--- Task instructions ---
A verbatim copy of all the data is required; the pictures should not appear in it.

--- Given data ---
++++++++++

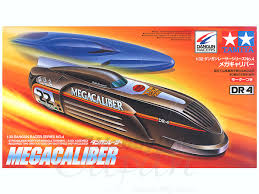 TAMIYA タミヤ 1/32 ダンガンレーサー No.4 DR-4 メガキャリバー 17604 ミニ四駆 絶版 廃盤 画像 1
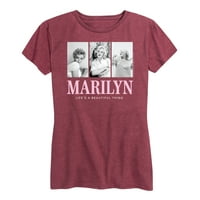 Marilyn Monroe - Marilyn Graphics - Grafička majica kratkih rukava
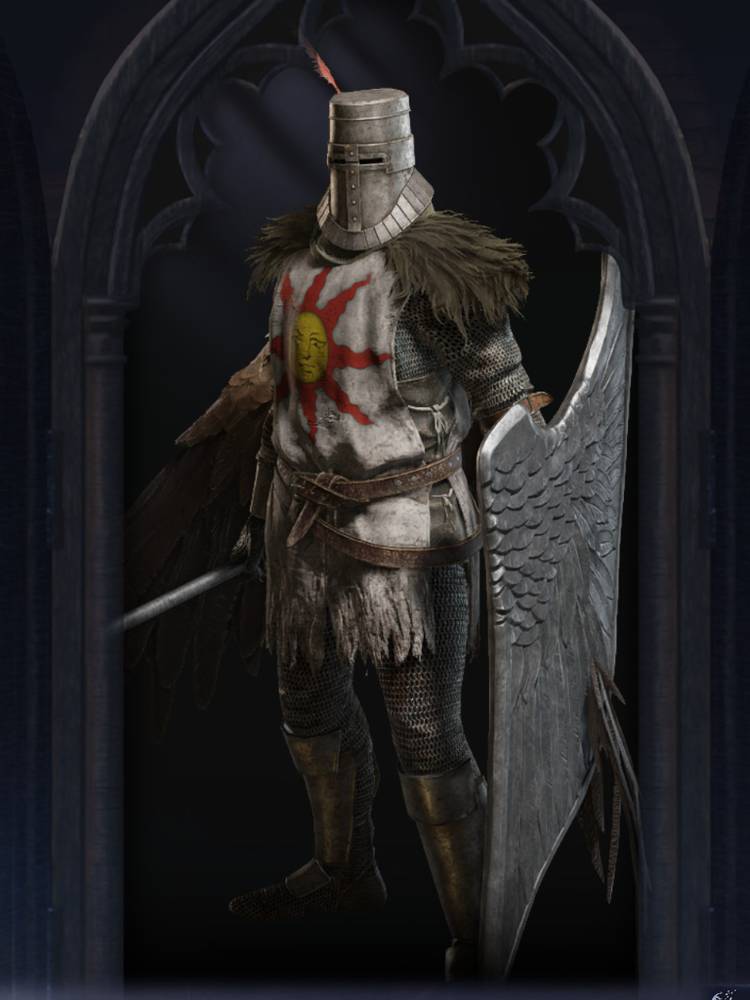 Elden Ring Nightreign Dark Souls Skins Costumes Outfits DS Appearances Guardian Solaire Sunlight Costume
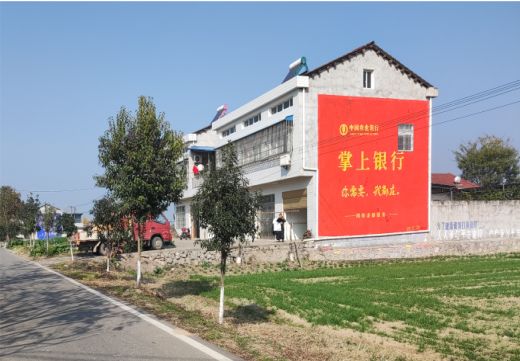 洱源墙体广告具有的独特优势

++++++++++

--- Answer section ---
 TAMIYA タミヤ 1/32 ダンガンレーサー No.4 DR-4 メガキャリバー 17604 ミニ四駆 絶版 廃盤 画像 1
 Marilyn Monroe - Marilyn Graphics - Grafička majica kratkih rukava
 Elden Ring Nightreign Dark Souls Skins Costumes Outfits DS Appearances Guardian Solaire Sunlight Costume
 洱源墙体广告具有的独特优势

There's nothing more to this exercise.